** Opening Given entries block **

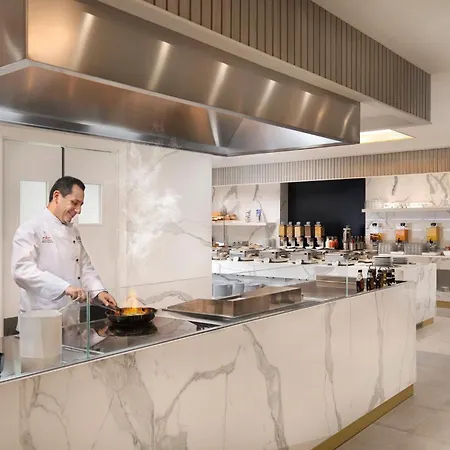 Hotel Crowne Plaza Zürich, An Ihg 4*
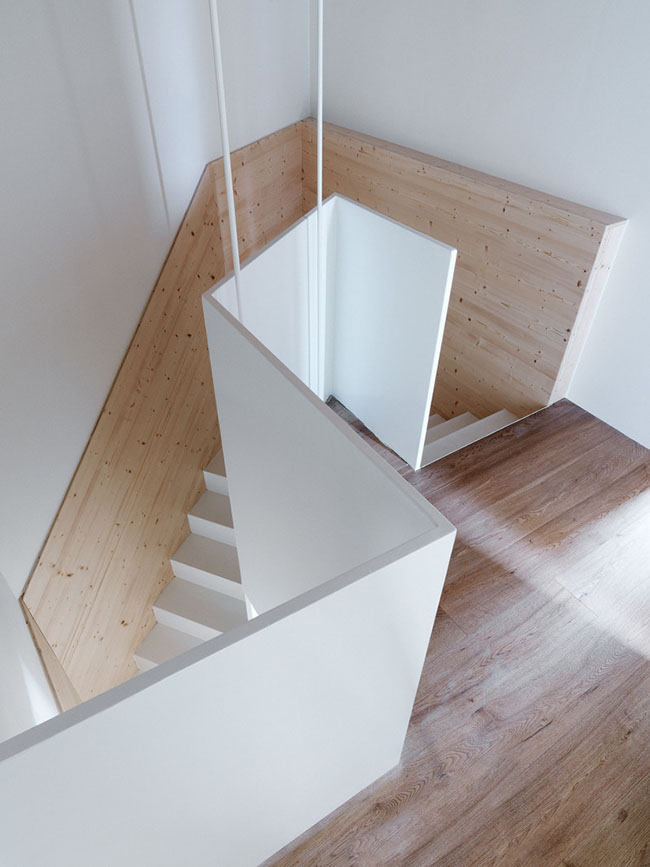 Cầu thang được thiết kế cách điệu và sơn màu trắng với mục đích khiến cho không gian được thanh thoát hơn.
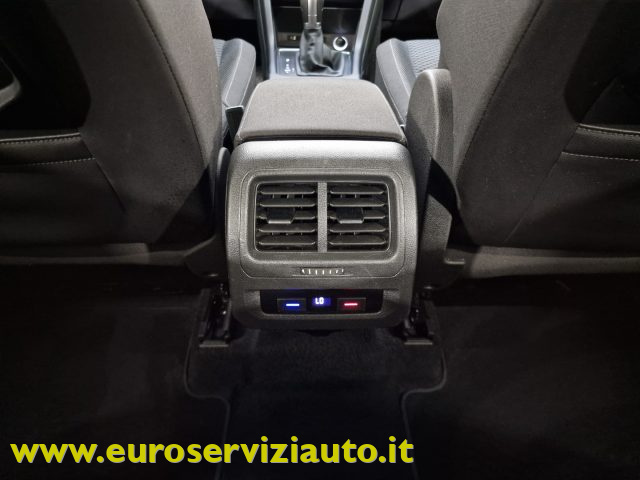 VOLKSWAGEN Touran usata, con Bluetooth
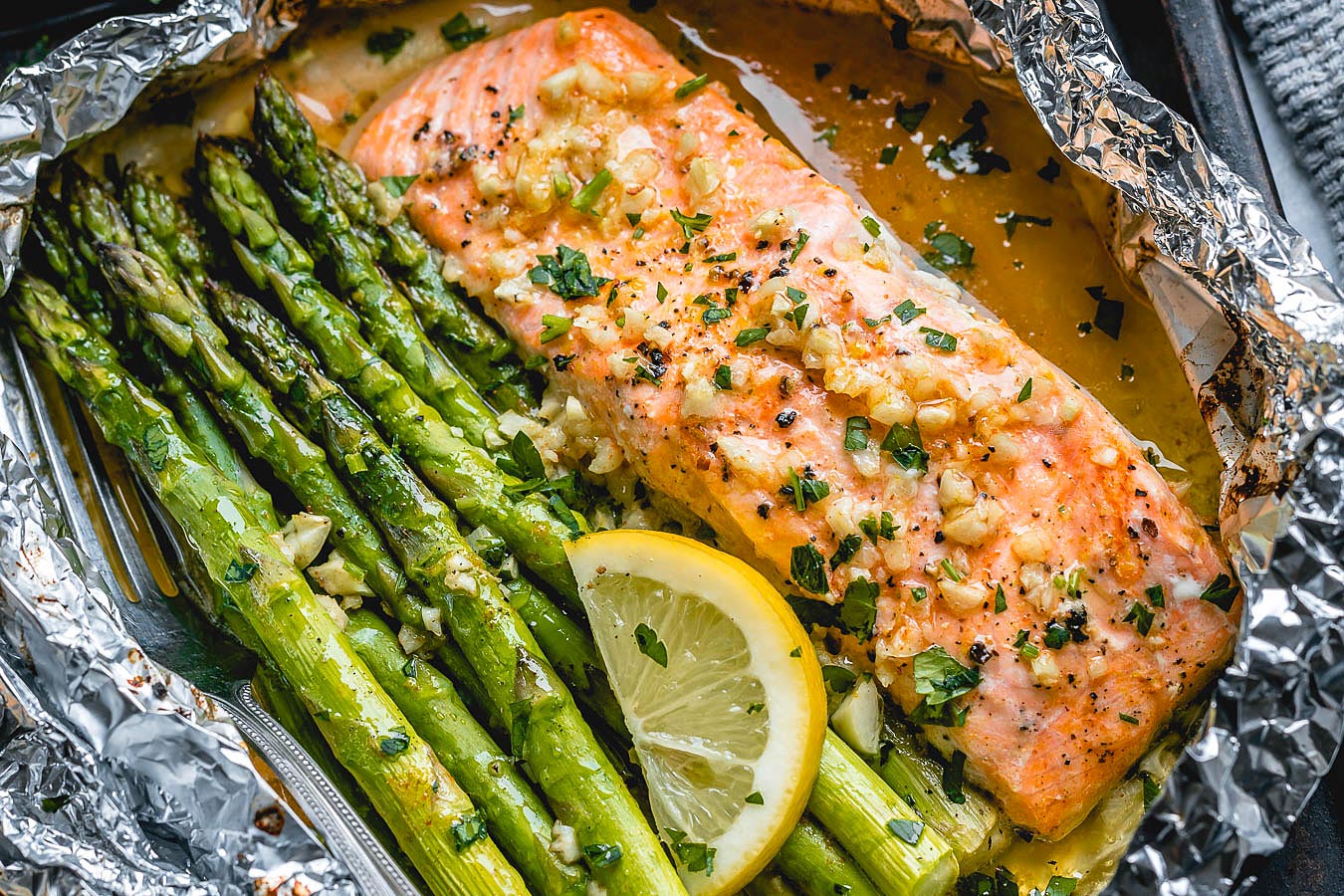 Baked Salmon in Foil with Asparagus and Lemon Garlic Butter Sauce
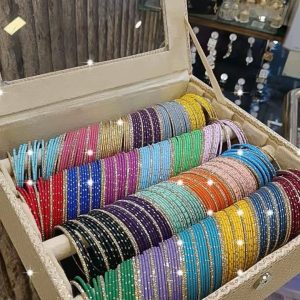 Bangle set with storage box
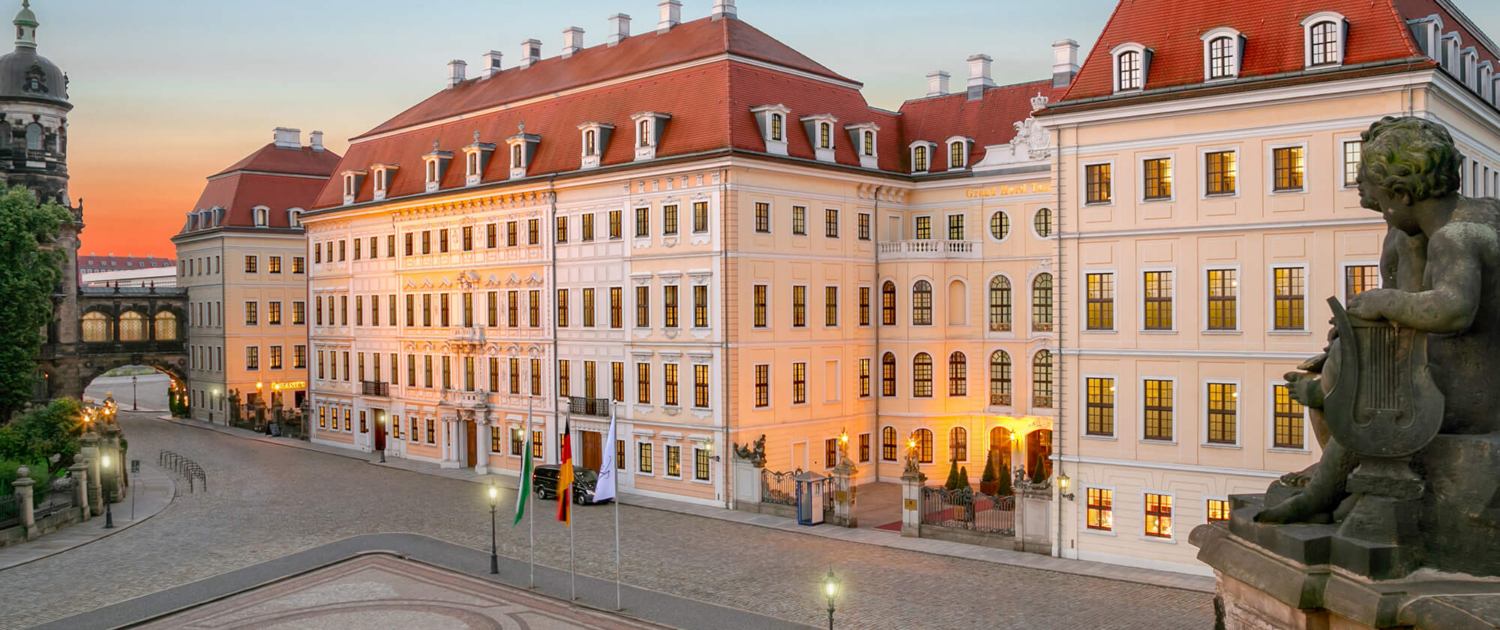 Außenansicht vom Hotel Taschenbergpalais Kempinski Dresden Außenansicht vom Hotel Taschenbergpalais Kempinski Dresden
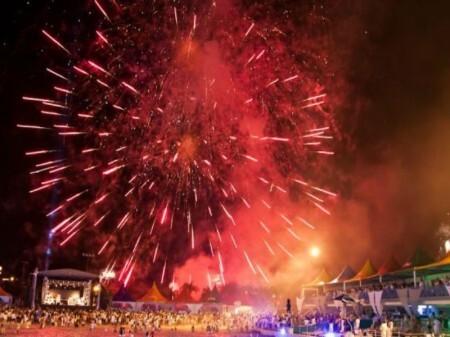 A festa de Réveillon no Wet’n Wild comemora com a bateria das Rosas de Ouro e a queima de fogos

** Closing Given entries block **
** Opening Given entries block **

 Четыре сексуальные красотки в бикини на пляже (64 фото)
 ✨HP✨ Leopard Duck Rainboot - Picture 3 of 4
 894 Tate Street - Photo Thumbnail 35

** Closing Given entries block **
** Opening Given entries block **

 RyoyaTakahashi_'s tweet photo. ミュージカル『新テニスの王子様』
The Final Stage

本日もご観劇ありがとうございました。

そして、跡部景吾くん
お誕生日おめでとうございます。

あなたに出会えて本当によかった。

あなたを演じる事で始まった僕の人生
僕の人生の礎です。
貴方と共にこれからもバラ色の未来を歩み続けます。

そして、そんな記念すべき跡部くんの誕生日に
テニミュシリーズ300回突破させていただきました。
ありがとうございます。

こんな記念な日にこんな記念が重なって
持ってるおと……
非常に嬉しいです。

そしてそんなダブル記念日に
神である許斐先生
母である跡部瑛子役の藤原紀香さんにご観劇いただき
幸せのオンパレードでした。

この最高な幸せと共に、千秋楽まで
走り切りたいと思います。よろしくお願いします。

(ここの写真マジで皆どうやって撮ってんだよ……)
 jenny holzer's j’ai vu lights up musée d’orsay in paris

** Closing Given entries block **

Your objective: Look above and copy only the lines from the one holding "Bangle set with storage box" to the one holding "A festa de Réveillon", both included, exactly, minus the pictures.

Problem solution:
 Bangle set with storage box
 Außenansicht vom Hotel Taschenbergpalais Kempinski Dresden Außenansicht vom Hotel Taschenbergpalais Kempinski Dresden
 A festa de Réveillon no Wet’n Wild comemora com a bateria das Rosas de Ouro e a queima de fogos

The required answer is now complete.